If you remember the spring of 1997, you probably remember Hale-Bopp Comet. Bigger and brighter than most previous comets, Hale-Bopp made its closest approach to earth on March 22, 1997.
Hale-Bopp, discovered by amateur astronomers Alan Hale and Thomas Bopp simultaneously in 1996, was 1,000 times brighter than its famous cousin, Halley's Comet. Visible for more than 18 months in the Northern Hemisphere, it was one of the largest known comets, with a tail more than 25 miles in diameter. Since it appeared just as the Internet was gaining popularity, news of sightings spread quickly -- by the end of April, 1997, more than 70 percent of Americans had seen the comet.

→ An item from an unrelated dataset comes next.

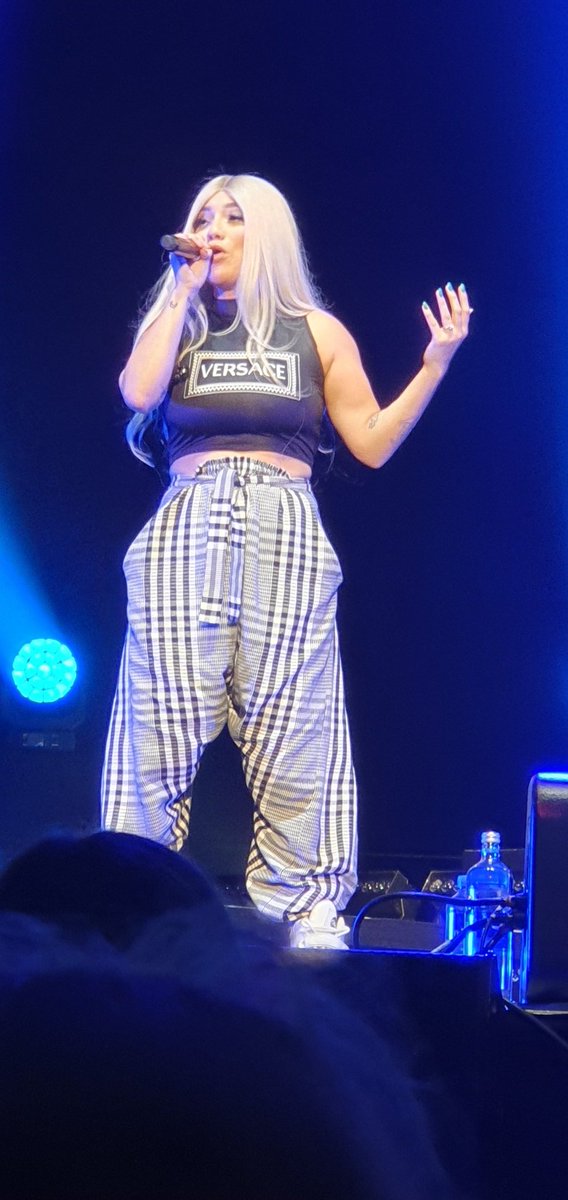 MaureenvD_R's tweet photo. @kirstin Thank you, you and your band were fantastic. ♥️✨️ https://t.co/R5rlnqOJAg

Unlike Halley's Comet, which is a short-period comet that appears once every 75 or 76 years, Hale-Bopp only appears once every several thousand years, making it a new discovery in the 90s. It is suspected to have come through the solar system in 2215 B.C., when it had a near-collision with Jupiter. Given its long orbit, it was observed intensively during its 1997 loop, and was determined to have a sodium in its tail, which had not been observed in comets previously. Although the discoveries were plentiful, the comet is not expected again until 4385.
As a tragic coda, 39 members of a San Francisco-based doomsday cult committed mass suicide on March 26, 1997, believing that by doing so, they would reach an alien spacecraft following Hale-Bopp.